Give the data below again exactly, and drop each picture from it.

*** DATA EXCERPT ***

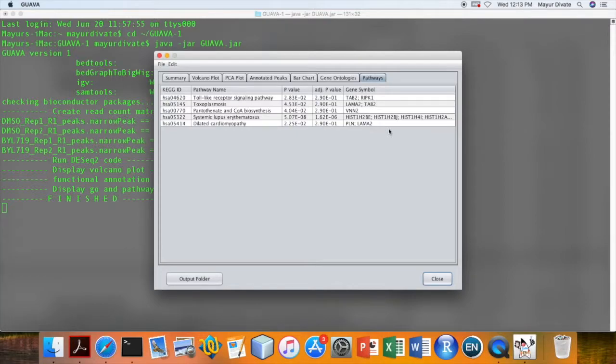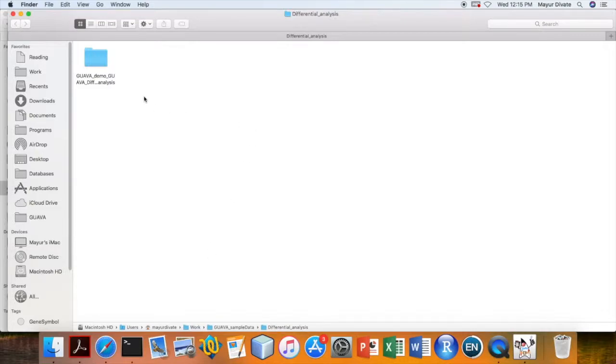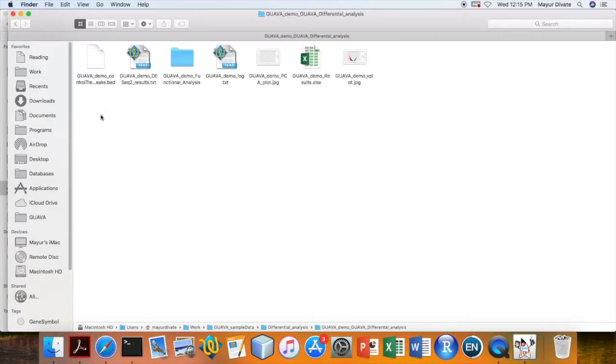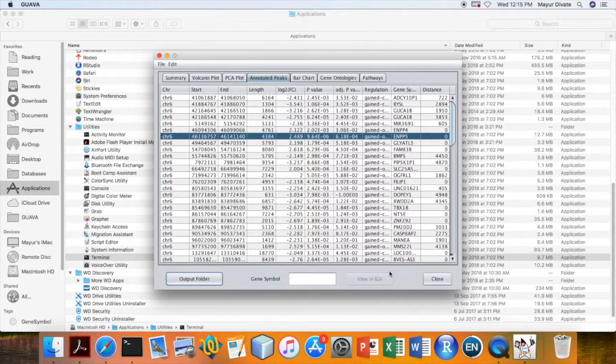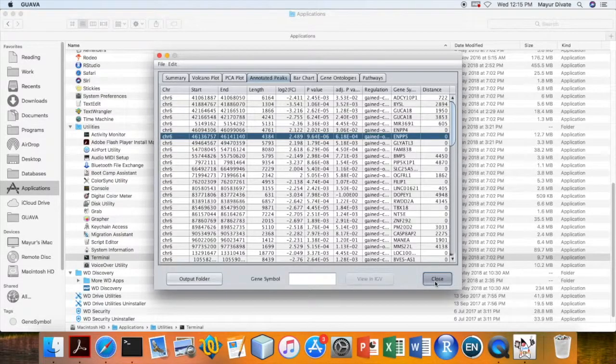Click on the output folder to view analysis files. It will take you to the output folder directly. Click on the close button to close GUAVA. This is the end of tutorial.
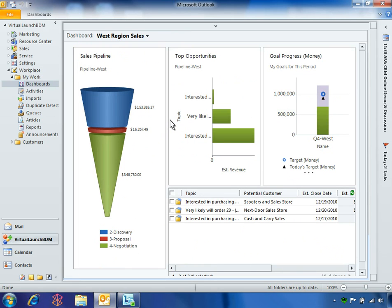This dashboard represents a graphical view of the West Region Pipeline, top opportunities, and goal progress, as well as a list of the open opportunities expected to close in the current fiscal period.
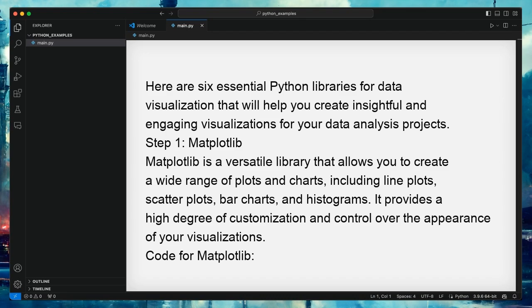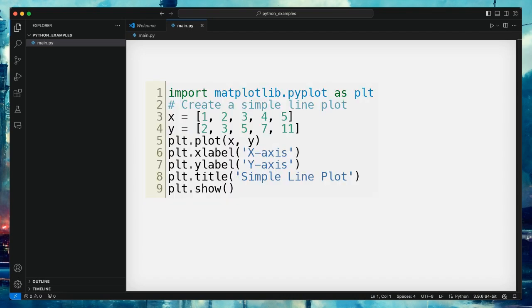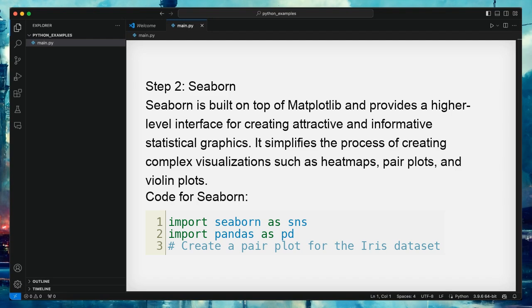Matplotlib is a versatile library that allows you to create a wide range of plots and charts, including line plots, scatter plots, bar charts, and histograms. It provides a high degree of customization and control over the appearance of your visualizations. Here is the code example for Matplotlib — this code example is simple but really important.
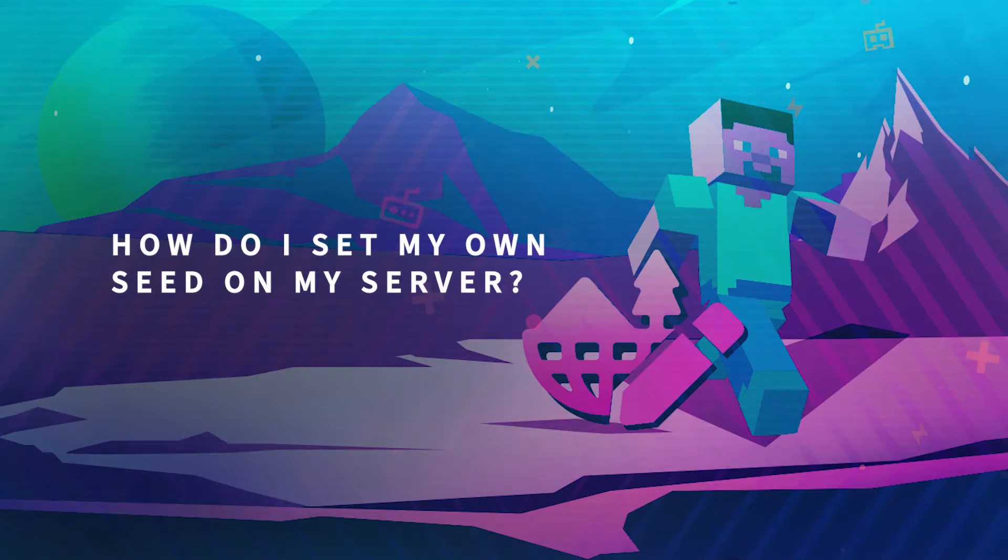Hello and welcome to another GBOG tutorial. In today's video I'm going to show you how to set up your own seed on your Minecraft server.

***

ANSWER AREA |
Click on the output folder to view analysis files. It will take you to the output folder directly. Click on the close button to close GUAVA. This is the end of tutorial.
This dashboard represents a graphical view of the West Region Pipeline, top opportunities, and goal progress, as well as a list of the open opportunities expected to close in the current fiscal period.
Matplotlib is a versatile library that allows you to create a wide range of plots and charts, including line plots, scatter plots, bar charts, and histograms. It provides a high degree of customization and control over the appearance of your visualizations. Here is the code example for Matplotlib — this code example is simple but really important.
Hello and welcome to another GBOG tutorial. In today's video I'm going to show you how to set up your own seed on your Minecraft server.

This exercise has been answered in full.